Any of the major monolines are absolutely fine to deal with, have good customer service and tend to be agressive with rates and keeping customers happy in order to win market share.
If you're renewing it doesn't hurt to talk to a broker and rate compare. Your current lender may have the best rate, they may not. If someone else beats them you can always show your existing lender the rate and ask them to better it.
Also, if your mortgage doesn't secure a collateral charge (secured line of credit) many lenders offer a zero fee transfer (no legal costs), although your existing lender will charge you a discharge fee and document fees (Big 5 banks charge for mortgage payout statements just like almost all lenders, sometimes they even are "accidentally" slow issuing the payout statement to the new lender so the client misses their maturity date to transfer).

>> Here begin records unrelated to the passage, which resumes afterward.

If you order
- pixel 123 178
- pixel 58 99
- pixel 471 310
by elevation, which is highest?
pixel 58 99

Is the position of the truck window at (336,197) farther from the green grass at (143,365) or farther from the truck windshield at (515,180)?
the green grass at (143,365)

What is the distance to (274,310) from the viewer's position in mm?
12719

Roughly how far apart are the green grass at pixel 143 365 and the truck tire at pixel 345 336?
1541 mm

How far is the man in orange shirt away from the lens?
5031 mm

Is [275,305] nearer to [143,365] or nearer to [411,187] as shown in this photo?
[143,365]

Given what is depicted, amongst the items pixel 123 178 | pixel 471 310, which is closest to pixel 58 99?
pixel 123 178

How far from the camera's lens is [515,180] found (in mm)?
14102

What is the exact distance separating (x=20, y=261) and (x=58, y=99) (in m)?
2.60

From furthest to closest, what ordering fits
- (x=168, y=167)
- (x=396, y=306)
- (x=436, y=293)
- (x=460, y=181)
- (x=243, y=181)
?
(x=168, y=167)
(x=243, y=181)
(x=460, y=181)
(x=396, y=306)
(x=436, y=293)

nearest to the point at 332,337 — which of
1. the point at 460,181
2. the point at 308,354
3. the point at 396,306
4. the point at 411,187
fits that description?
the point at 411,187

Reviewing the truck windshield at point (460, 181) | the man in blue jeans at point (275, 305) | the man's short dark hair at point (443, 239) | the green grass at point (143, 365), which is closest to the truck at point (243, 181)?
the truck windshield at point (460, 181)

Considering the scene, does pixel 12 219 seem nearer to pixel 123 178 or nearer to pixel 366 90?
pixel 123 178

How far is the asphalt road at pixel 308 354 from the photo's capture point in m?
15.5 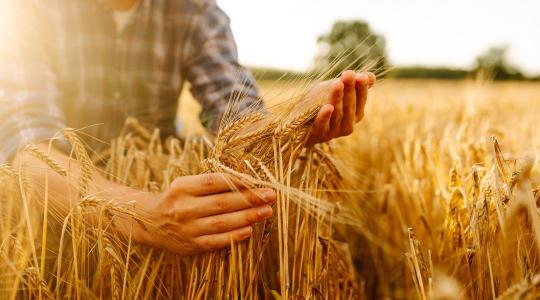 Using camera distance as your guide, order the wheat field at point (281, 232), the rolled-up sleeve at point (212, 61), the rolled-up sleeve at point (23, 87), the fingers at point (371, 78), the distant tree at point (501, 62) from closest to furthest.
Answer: the wheat field at point (281, 232) < the fingers at point (371, 78) < the rolled-up sleeve at point (23, 87) < the rolled-up sleeve at point (212, 61) < the distant tree at point (501, 62)

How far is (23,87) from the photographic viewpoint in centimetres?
122

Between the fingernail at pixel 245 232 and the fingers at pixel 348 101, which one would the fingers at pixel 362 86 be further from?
the fingernail at pixel 245 232

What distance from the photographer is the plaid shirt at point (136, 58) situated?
5.11 ft

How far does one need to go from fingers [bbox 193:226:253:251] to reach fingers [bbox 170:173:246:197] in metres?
0.08

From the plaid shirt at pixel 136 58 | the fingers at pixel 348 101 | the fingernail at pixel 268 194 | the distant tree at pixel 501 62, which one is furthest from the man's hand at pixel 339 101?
the distant tree at pixel 501 62

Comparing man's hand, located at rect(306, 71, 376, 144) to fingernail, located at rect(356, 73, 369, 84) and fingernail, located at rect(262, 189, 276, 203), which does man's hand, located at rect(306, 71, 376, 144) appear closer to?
fingernail, located at rect(356, 73, 369, 84)

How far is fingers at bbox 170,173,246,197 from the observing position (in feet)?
2.74

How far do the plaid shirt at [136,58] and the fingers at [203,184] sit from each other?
0.63 meters

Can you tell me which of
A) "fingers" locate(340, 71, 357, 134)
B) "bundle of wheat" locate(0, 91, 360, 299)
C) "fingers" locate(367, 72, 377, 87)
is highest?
"fingers" locate(367, 72, 377, 87)

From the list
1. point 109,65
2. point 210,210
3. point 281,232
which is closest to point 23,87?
point 109,65

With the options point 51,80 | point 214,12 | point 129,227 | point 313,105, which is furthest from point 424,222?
point 51,80

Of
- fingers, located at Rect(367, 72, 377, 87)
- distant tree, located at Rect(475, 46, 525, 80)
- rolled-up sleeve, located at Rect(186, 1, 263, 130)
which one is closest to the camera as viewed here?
fingers, located at Rect(367, 72, 377, 87)

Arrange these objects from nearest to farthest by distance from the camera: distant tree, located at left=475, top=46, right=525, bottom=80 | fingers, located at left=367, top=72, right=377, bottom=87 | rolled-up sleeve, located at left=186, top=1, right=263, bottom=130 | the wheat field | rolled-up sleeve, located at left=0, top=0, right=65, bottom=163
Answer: the wheat field, fingers, located at left=367, top=72, right=377, bottom=87, rolled-up sleeve, located at left=0, top=0, right=65, bottom=163, rolled-up sleeve, located at left=186, top=1, right=263, bottom=130, distant tree, located at left=475, top=46, right=525, bottom=80

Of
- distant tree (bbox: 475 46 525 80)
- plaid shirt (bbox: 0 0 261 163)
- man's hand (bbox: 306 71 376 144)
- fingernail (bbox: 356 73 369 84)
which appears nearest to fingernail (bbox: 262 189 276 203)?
man's hand (bbox: 306 71 376 144) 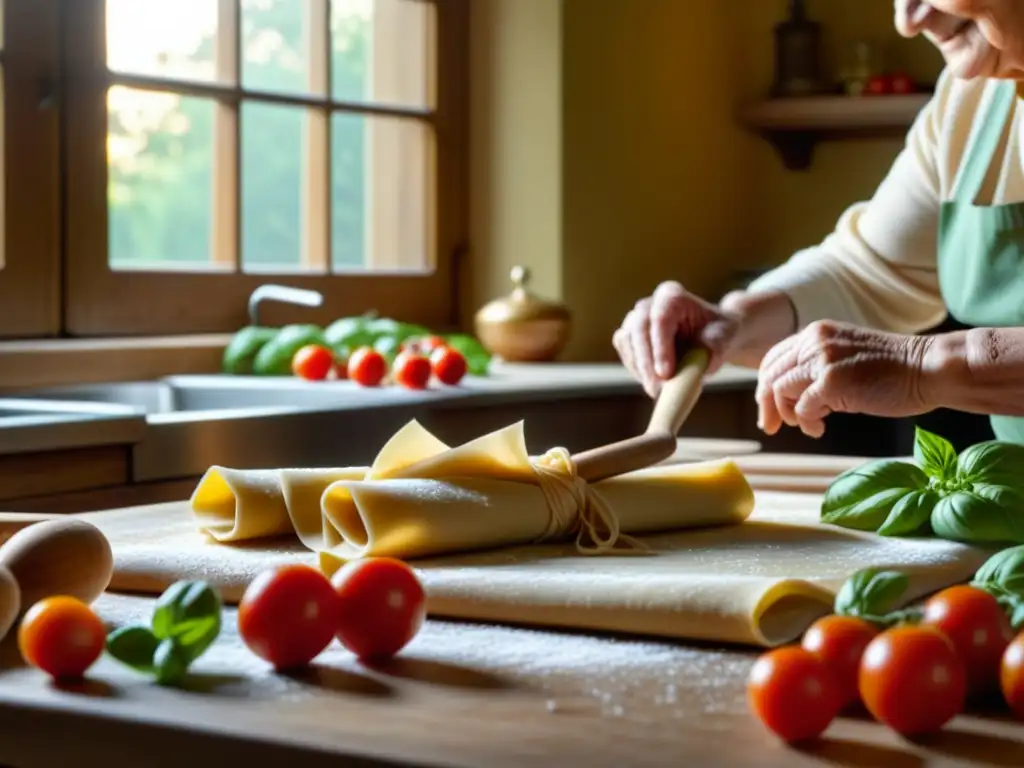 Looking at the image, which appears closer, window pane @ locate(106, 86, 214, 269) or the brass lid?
window pane @ locate(106, 86, 214, 269)

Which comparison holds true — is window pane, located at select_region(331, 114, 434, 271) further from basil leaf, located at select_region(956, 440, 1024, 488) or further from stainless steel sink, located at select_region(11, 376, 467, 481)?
basil leaf, located at select_region(956, 440, 1024, 488)

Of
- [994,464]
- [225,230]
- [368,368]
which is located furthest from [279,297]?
[994,464]

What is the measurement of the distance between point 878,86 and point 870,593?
3.20 meters

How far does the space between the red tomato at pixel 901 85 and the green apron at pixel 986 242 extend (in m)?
1.94

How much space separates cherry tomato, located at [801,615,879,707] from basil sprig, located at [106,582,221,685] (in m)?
0.29

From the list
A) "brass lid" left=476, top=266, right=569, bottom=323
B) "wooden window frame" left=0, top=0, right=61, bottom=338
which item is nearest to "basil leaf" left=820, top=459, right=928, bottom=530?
"wooden window frame" left=0, top=0, right=61, bottom=338

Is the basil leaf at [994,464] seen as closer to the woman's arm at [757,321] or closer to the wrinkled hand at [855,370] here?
the wrinkled hand at [855,370]

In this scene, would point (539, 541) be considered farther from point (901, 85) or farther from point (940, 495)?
point (901, 85)

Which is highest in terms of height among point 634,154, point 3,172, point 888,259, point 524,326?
point 634,154

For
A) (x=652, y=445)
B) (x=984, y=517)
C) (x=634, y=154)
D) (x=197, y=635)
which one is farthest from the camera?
(x=634, y=154)

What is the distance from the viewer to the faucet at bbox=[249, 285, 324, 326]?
2.95 metres

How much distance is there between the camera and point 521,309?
3.26 meters

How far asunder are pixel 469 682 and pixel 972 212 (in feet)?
4.12

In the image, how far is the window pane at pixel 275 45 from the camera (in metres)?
3.12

Additionally if you have or previously had a High Ratio mortgage where you as the client paid a mortgage insurance fee (even if you're loan to value is now below 80%, as long as you haven't refi'd since then) you can transfer it qualifying at contract rate (around low 2% right now), instead of the now federally mandated benchmark rate of 4.64% which opens up some options for some people that are at the limit for debt servicing.
To say you get what you pay for at a big 5 is a bit of a naieve statement as there are many monoline options, as well as non big 5 banks, that offer comparable or better service and products. Like anything in life it generally pays to shop around. Rates move around all the time, there isn't one lender that is always better.
Everyone gets clients who don't like their current lender, if you move around in the industry you'll find it's pretty much the same wherever you are (monolines fund their mortgages with Big 5 funds as investors anyway).